→ Exercise objective: Pull out each line of the records holding the string "about".

-- Exercise materials follows --

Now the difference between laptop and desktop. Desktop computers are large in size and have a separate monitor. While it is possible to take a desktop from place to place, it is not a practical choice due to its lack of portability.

-- Exercise materials concluded --
-- Exercise materials follows --

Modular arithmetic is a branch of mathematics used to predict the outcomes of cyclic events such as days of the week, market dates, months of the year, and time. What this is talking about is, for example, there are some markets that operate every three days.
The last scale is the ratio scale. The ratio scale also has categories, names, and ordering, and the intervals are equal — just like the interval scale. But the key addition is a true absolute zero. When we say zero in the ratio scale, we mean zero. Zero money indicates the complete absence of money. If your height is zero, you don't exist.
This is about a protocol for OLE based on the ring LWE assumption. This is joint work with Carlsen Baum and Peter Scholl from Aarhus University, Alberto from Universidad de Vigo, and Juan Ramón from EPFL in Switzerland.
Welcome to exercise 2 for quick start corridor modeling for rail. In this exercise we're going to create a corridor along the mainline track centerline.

-- Exercise materials concluded --
-- Exercise materials follows --

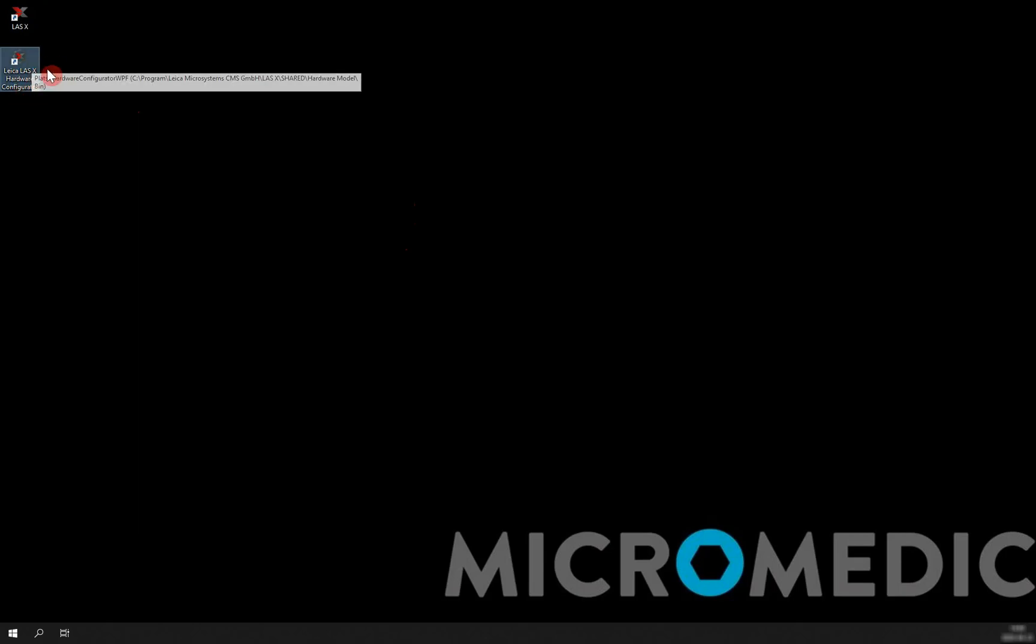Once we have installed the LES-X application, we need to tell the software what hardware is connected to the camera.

-- Exercise materials concluded --

→ Task answer:
Modular arithmetic is a branch of mathematics used to predict the outcomes of cyclic events such as days of the week, market dates, months of the year, and time. What this is talking about is, for example, there are some markets that operate every three days.
This is about a protocol for OLE based on the ring LWE assumption. This is joint work with Carlsen Baum and Peter Scholl from Aarhus University, Alberto from Universidad de Vigo, and Juan Ramón from EPFL in Switzerland.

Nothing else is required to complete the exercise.